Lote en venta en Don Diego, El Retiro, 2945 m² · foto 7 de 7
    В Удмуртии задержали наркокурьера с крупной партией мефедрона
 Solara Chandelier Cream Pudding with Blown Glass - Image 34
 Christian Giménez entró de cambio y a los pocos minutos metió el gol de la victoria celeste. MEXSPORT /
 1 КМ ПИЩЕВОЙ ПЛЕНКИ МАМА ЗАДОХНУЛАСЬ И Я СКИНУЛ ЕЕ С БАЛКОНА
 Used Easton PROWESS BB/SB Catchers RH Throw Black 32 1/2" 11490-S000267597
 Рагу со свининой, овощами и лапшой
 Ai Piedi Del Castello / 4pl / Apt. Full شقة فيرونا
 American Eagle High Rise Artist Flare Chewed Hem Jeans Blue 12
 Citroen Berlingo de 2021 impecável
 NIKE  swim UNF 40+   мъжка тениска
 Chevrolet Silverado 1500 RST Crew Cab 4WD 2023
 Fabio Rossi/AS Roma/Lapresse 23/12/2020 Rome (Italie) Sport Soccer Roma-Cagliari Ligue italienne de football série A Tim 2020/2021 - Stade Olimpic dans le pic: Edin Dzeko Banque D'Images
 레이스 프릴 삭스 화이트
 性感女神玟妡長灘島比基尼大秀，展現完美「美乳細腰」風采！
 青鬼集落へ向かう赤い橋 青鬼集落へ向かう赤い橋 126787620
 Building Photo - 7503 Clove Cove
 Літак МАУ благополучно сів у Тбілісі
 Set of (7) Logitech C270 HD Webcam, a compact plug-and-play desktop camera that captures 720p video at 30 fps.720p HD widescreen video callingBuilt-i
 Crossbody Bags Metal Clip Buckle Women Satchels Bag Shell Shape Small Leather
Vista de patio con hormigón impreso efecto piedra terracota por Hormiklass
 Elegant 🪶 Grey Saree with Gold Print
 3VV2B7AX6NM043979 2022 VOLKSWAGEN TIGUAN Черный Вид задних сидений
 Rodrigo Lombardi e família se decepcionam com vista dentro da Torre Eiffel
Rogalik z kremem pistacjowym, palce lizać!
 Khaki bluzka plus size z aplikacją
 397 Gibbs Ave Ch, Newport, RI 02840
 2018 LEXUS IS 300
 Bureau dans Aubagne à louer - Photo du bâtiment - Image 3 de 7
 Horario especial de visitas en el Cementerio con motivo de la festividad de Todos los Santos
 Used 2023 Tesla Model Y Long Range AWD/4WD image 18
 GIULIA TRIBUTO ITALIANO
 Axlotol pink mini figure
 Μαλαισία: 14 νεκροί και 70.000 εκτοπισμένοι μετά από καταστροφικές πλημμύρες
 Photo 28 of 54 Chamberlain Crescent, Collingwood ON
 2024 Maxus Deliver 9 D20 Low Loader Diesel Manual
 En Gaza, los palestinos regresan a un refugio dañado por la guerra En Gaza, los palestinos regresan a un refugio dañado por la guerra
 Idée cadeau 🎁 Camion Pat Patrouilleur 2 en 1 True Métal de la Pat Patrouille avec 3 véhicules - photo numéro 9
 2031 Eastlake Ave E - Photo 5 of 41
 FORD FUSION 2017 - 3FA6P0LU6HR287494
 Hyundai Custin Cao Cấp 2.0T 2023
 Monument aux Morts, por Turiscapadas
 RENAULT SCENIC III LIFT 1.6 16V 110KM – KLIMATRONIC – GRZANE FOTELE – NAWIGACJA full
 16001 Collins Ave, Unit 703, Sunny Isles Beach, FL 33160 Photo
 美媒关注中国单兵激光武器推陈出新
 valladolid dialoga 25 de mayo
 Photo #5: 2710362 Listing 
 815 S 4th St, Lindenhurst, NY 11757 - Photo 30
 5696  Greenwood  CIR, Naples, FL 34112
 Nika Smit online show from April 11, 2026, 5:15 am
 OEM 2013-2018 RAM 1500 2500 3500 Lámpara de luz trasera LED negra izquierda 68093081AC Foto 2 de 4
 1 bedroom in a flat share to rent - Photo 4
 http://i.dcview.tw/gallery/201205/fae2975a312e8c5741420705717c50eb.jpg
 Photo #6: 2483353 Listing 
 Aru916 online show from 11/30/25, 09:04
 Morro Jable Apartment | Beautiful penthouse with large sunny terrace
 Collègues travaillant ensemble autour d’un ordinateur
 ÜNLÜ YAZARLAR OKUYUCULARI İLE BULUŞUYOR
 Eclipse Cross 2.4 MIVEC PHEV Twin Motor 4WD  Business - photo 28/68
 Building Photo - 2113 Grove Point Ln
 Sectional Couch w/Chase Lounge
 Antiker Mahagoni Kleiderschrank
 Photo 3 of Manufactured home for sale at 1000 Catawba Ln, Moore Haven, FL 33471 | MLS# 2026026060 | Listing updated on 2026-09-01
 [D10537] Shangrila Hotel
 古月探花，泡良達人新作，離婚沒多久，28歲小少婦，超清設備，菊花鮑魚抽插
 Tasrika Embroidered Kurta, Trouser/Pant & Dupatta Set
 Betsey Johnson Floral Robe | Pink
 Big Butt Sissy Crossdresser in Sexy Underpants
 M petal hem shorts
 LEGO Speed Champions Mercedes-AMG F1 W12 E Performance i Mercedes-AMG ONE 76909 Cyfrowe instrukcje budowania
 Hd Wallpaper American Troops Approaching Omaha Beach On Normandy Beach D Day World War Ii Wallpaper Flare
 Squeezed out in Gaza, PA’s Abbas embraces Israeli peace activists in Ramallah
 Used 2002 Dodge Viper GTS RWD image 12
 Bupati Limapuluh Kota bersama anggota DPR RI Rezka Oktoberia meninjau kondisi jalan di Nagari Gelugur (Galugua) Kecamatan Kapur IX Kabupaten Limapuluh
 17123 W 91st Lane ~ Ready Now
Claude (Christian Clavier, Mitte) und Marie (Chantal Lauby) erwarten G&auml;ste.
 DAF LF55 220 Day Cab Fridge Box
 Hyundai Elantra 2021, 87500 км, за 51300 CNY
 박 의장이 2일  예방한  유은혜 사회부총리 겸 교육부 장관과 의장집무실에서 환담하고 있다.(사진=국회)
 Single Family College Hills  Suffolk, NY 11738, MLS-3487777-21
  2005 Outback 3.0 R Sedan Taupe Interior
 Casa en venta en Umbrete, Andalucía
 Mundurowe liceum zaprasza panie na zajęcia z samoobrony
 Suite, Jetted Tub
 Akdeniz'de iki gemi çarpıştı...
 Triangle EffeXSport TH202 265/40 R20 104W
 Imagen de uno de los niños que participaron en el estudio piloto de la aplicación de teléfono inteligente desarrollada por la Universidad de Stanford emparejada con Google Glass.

## Work task:
Show the lines of the records that include the string "American".

## Reply to the exercise:
 American Eagle High Rise Artist Flare Chewed Hem Jeans Blue 12
 Hd Wallpaper American Troops Approaching Omaha Beach On Normandy Beach D Day World War Ii Wallpaper Flare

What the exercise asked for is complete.